Was Catherine Booth’s chosen headpiece to be revived? No, not so. The bonnets were requested only for the Tournament of Roses parade. For an occasion when The Salvation Army is seen worldwide on television by millions more people than at any other time, the marching ladies would parade in the time-honored bonnet.
It would seem, as with several other practices, we cherish the glories of the past but not their present-day discomforts and impracticalities.(like open-air meetings, for example).
The same point is perceptively made by Lord Roy Hattersley, a British politician turned writer, about his brilliant study of William and Catherine Booth, published some months ago in London. Writing in “The Guardian,” (an article reprinted by Salvationist), Hattersley said: “Although generally admired, the Sally Ann is much misunderstood. Until I began to work on a biography of William Booth all I knew about its modernization was the replacement of its straw bonnets with unbecoming felt hats…

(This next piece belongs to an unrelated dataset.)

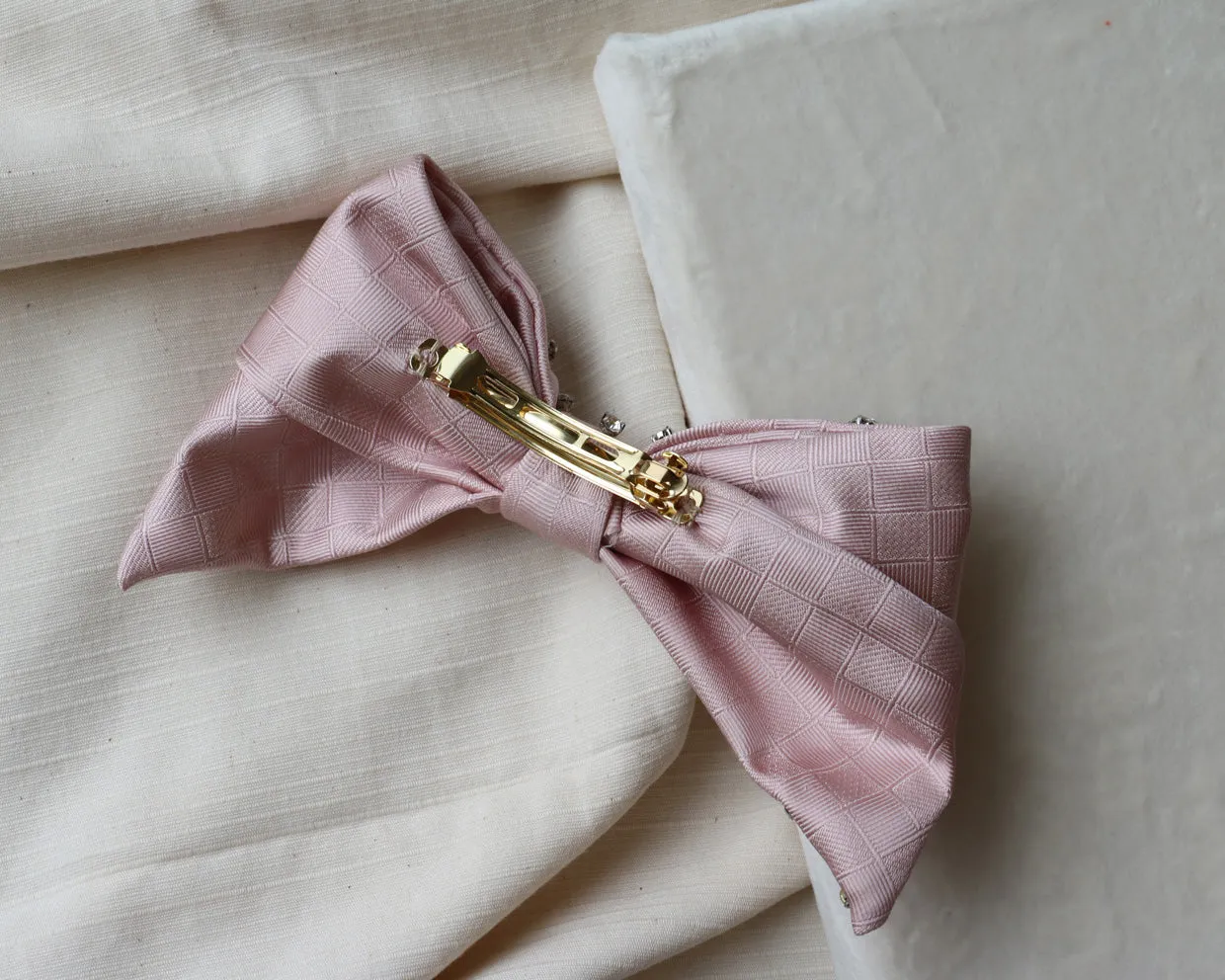 Big Ribbon Barrette Pink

“In practical ways the Army has certainly begun to move with the more prosperous times. But the transition has not been easy…Part of the problem is the uniform and the slightly absurd ranks. But they are also the Army’s greatest strength–the visible proclamation of fixed principles in a time of shifting values. They are essential to a process called bearing witness and, as any public relations consultant would confirm, that is about as unfashionable an occupation as it is possible to promote.
“Whenever I see The Salvation Army on parade I ask myself who is benefiting from the banging drums. The answer is the men and women who bang them. They know whose side they are on. In the case of The Salvation Army it is the side of God and the poor.
“The question now is whether or not it is possible to preserve the old values and survive in a new world. If anyone can do it, The Salvation Army can. What they stand for is so right and true that it is bound to prevail.”
*”Blood and Fire–William and Catherine Booth and Their Salvation Army,” by Roy Hattersley, published by Little, Brown and Company (UK). The writer has been Visiting Fellow of Harvard’s Institute of Politics and of Nuffield College, Oxford.
He is a Visiting Professor of Politics at Sheffield University. He was elected to the British Parliament in 1964 and served in each of Harold Wilson’s governments and in Jim Callaghan’s Cabinet. In 1983 he became deputy leader of the Labor Party.